Third, consumer subsidies in one country generate global spillovers through LBD in battery production. But the magnitude of spillovers critically hinges on the nature of the supply chain network. For example, the estimated $13.10 billion in US subsidies generated $16.47 billion in global welfare gains.1 The US and Canada captured 49% of these welfare gains, while US subsidies also benefited battery suppliers in Japan and South Korea, which captured 28% of the global welfare gains. Europe also benefited significantly from US subsidies; in contrast, China captured only 3% of the global gains. This modest share reflects China’s limited trade in EVs and EV batteries with foreign countries during our sample period.
Figure 3: Effect of Subsidies and LBD on Global EV Sales
Notes: This figure illustrates total EV sales across the top 13 EV countries under various scenarios.

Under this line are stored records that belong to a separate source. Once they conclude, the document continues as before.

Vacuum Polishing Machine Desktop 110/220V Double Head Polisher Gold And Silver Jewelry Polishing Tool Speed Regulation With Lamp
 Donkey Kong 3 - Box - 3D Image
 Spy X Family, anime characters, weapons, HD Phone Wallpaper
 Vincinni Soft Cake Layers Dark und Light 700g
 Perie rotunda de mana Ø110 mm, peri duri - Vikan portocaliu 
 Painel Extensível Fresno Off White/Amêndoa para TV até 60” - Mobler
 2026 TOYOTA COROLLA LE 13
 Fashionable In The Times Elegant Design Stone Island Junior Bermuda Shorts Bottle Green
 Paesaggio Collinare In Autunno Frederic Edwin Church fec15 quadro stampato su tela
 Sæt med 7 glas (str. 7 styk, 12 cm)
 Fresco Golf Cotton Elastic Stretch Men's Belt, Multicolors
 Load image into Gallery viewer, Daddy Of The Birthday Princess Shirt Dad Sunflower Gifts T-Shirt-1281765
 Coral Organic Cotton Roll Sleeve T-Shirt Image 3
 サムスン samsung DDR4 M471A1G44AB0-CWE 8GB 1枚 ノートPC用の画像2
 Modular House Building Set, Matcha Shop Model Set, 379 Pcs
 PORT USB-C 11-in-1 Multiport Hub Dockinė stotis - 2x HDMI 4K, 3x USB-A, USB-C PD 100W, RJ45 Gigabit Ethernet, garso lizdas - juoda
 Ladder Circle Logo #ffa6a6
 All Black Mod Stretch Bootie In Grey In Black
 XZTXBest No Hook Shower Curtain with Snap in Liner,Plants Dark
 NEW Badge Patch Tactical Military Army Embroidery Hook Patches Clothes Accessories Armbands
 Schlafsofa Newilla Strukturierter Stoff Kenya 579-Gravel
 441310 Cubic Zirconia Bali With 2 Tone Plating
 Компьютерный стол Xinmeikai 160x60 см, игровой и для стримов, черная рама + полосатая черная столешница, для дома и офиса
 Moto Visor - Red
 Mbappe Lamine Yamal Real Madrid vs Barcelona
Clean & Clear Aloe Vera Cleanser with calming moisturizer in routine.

The solid black line represents observed EV sales with both LBD and consumer subsidies in effect. The dashed green line shows EV sales with LBD but no subsidies, while the dash-dot orange line represents EV sales with subsidies but no LBD. The dotted blue line shows EV sales with neither LBD nor subsidies. LBD greatly amplifies the sales-expansion effect of subsidies.
In a similar manner, European governments invested $16.44 billion in EV purchase subsidies, resulting in $11.60 billion in global welfare gains, of which only 26% were captured by the EU. This relatively low capture rate is driven by Europe’s higher import share of EVs and the widespread use of uniform subsidies, the latter of which are less effective in generating consumer surplus compared to the battery capacity-based subsidies in the U.S. (Barwick, Kwon, and Li, 2024). In contrast, China captured 92.6% of the global welfare gains from its subsidies due to China’s limited EV imports and the fact that the majority of its EV producers source batteries domestically.
Fourth, preferential treatments of domestic battery producers restrict the positive spillover across countries and incur costs to other countries and domestic consumers. China’s whitelist policy benefited domestic battery suppliers at a cost to other countries. The EU, Japan and South Korea, and the US and Canada collectively incurred $5.88 billion in welfare losses. This was driven by a shift in global battery production from more efficient Japanese and South Korean battery suppliers to (at the time) higher-cost Chinese suppliers. Within China, while battery suppliers reaped gains, consumers bore the burden of higher EV prices. China’s whitelist was introduced at a strategically favorable time when the learning curve was steep. Had the whitelist been delayed to 2021–2024, China would have faced net losses, with consumer welfare losses outweighing battery suppliers’ gains.
Lastly, upstream LBD creates significant externalities through the supply chain, with upstream firms capturing only a small fraction of the associated economic benefits due to the oligopolistic nature of the supply chain. Our simulations indicate that CATL, the leading battery supplier in China, captures 22.0% of the total surplus generated by its increased LBD, while Panasonic, the largest battery supplier in Japan, captures 21.7%. These findings suggest that the privately chosen experience level (and the degree of LBD) is unlikely to be socially optimal, and government subsidies have the potential to address the underprovision of LBD.
1The welfare is measured as the sum of consumer surplus and firm profit on a global scale, net of subsidy expenditure.